Problem to work on:
Copy each entry as it stands, leaving nothing out.

Task input:

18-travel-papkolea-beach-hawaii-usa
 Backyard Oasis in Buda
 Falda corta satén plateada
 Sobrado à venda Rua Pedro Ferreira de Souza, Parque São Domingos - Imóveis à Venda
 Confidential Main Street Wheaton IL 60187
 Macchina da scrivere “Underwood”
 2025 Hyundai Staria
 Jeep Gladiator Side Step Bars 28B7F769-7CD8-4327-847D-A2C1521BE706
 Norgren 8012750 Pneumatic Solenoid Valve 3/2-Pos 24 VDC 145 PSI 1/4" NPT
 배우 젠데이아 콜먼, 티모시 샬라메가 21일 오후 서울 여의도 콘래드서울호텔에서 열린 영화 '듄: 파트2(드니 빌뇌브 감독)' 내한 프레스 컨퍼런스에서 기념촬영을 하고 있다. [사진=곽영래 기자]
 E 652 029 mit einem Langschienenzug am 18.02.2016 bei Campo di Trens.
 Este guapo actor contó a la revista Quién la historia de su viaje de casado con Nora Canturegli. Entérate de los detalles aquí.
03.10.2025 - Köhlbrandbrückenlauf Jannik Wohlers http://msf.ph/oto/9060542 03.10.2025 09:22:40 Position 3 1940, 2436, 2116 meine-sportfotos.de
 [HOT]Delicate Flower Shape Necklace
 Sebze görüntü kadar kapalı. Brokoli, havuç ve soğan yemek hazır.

Result of the exercise:
18-travel-papkolea-beach-hawaii-usa
 Backyard Oasis in Buda
 Falda corta satén plateada
 Sobrado à venda Rua Pedro Ferreira de Souza, Parque São Domingos - Imóveis à Venda
 Confidential Main Street Wheaton IL 60187
 Macchina da scrivere “Underwood”
 2025 Hyundai Staria
 Jeep Gladiator Side Step Bars 28B7F769-7CD8-4327-847D-A2C1521BE706
 Norgren 8012750 Pneumatic Solenoid Valve 3/2-Pos 24 VDC 145 PSI 1/4" NPT
 배우 젠데이아 콜먼, 티모시 샬라메가 21일 오후 서울 여의도 콘래드서울호텔에서 열린 영화 '듄: 파트2(드니 빌뇌브 감독)' 내한 프레스 컨퍼런스에서 기념촬영을 하고 있다. [사진=곽영래 기자]
 E 652 029 mit einem Langschienenzug am 18.02.2016 bei Campo di Trens.
 Este guapo actor contó a la revista Quién la historia de su viaje de casado con Nora Canturegli. Entérate de los detalles aquí.
03.10.2025 - Köhlbrandbrückenlauf Jannik Wohlers http://msf.ph/oto/9060542 03.10.2025 09:22:40 Position 3 1940, 2436, 2116 meine-sportfotos.de
 [HOT]Delicate Flower Shape Necklace
 Sebze görüntü kadar kapalı. Brokoli, havuç ve soğan yemek hazır.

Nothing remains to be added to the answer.